Nancy Pearl once traveled in the backseat of our car to a conference in the northern Wisconsin woods. Several years later, she introduced us to Karen Henry Clark, who had just moved to Minnesota. Nancy and Karen met working in a bookstore in Oklahoma.
I was eagerly waiting for this book, Library Girl: How Nancy Pearl Became America’s Most Celebrated Librarian.
I wasn’t prepared to fall in love with this book, which I most definitely have.

A bright palette lifts the reader’s mood toward joy, contrasting well with the white chalk outlines that depict young Nancy’s imagination. Illustrator Sheryl Murray draws Nancy’s expressive eyes in such an engaging way that we are rooting for her. Period details like saddle shoes, milk trucks, and Nancy’s bike Charger set the time period. The imaginary Charger, Nancy’s horse, makes me feel five years old again. I want a ride on that horse!

How Nancy Pearl Became America’s Most Celebrated Librarian,
Little Bigfoot / Sasquatch Books, 2022
When books show young Nancy “I can be anything when I grow up,” my heart melted. Yes! This is what books do. They make everything seem possible.
Karen Henry Clark’s spare but descriptive text tells Nancy’s story with conviction.

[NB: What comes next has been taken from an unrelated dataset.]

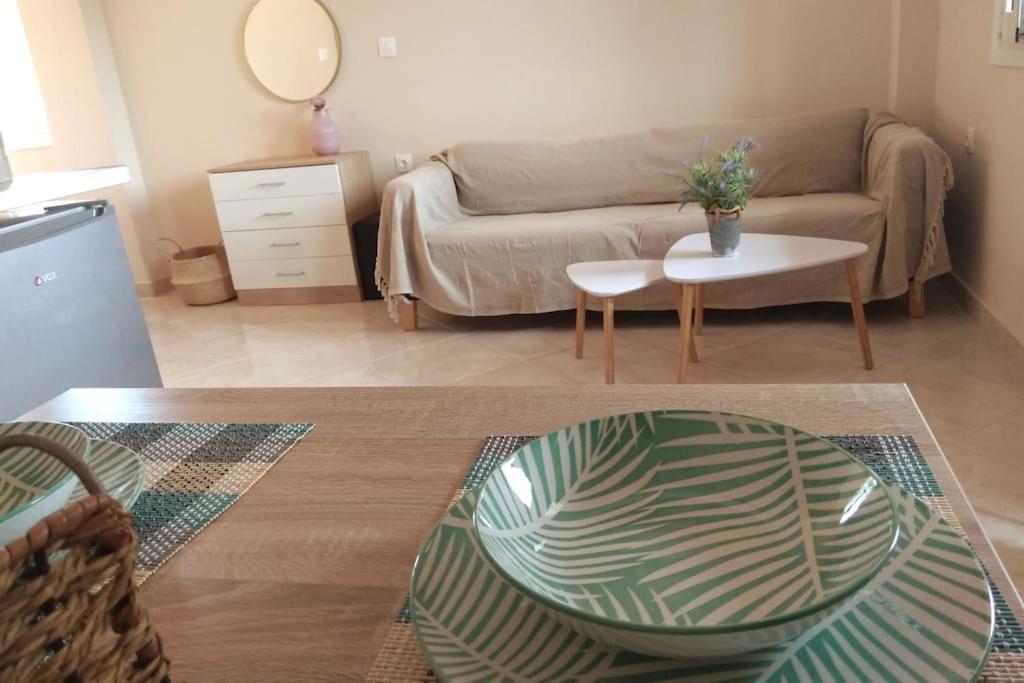Appartement Elena Roza Mesongí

As always with Ms. Clark, word choice is spot on.
The tension in the book occurs when the two librarians at Francis Parkman Branch Library in Detroit, Michigan, ask Nancy to give a booktalk to other young readers.

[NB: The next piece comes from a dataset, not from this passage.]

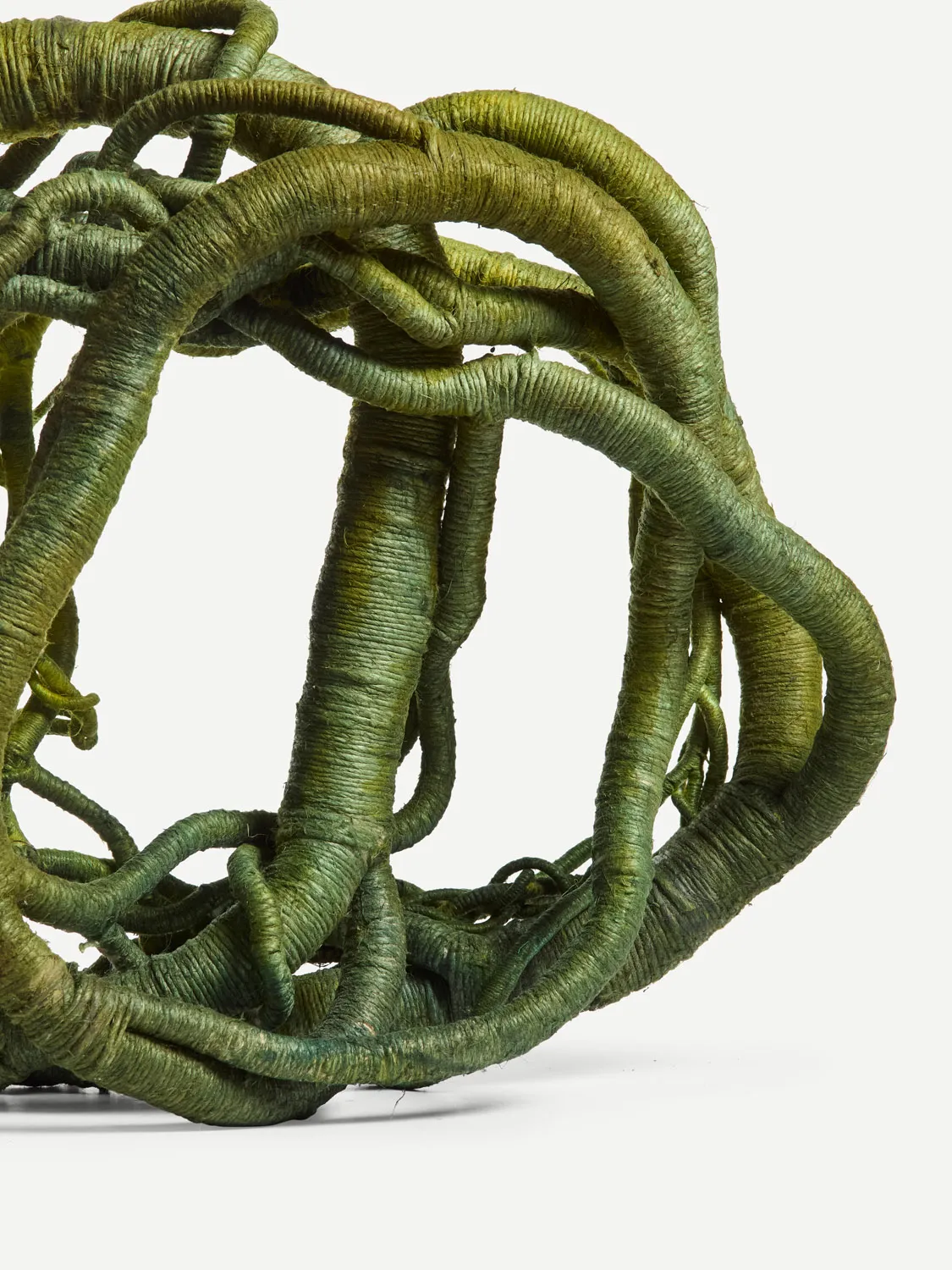 Aude Franjou, Forest Nest #2, 2026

“Brave was never how she felt around other kids.” Have you or your young ones felt that way? I certainly did.
This is a book for all of us: the library lovers, the horse lovers, the readers, the shy ones. Dream big.
Highly recommended.
Library Girl: How Nancy Pearl Became America’s Most Celebrated Librarian
written by Karen Henry Clark
illustrated by Sheryl Murray
Little Bigfoot / Sasquatch Books, 2023
ISBN 978−1−63217−318−8
suggested for ages 4 and up
Thank you! A librarian as the hero of a book! I wonder how many books will be written about brave librarians of today fighting the increased book challenges. Those will be inspiring stories of defending the right to read.

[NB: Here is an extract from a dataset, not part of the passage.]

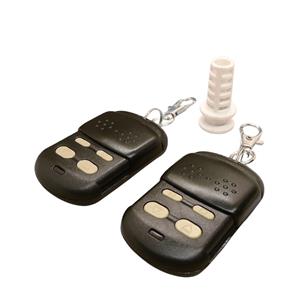 Central de Controle de Motores Para Venezianas Rolantes Fluxus 31663 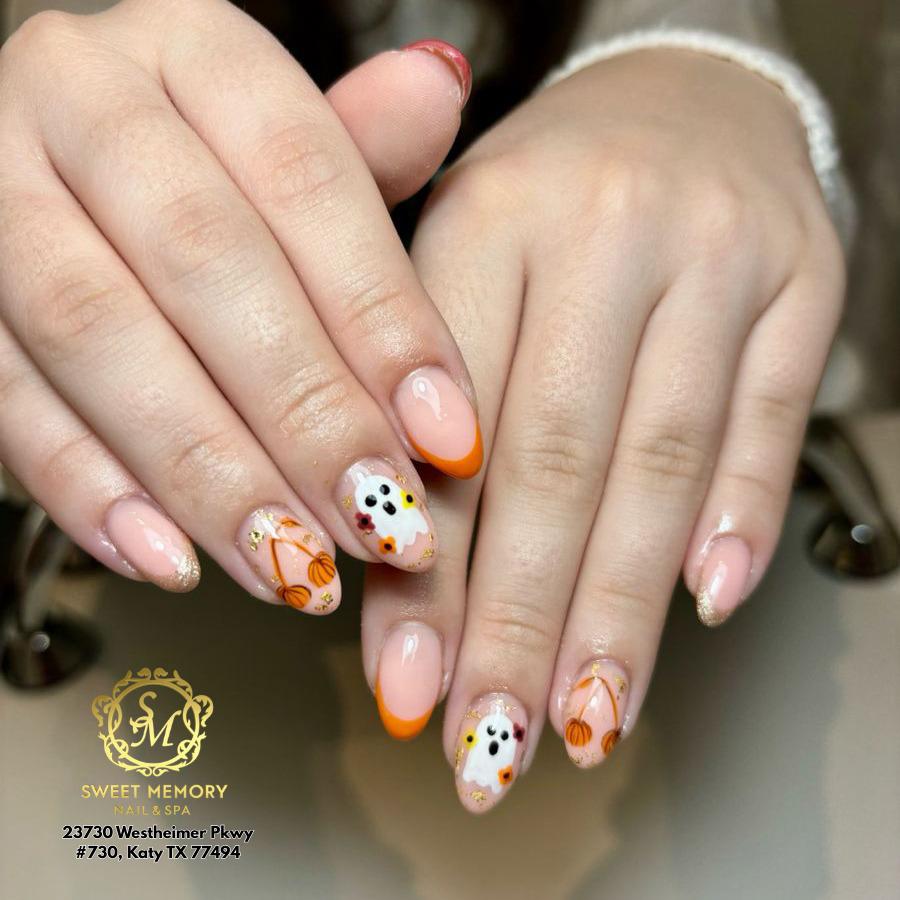 nail art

Exactly. Defenders of access to knowledge and learning.
I love this book!
It is no surprise that you would love this book, Vicki! You are a library girl as well.
You know me well!
Thank you for these lovely words. Every champion begins somewhere, and Library Girl presents the pivotal moment in Nancy’s young life. She often says that librarians saved her from an unhappy childhood, and she means it with all her heart. Her work with books and libraries here and around the world is invaluable to readers.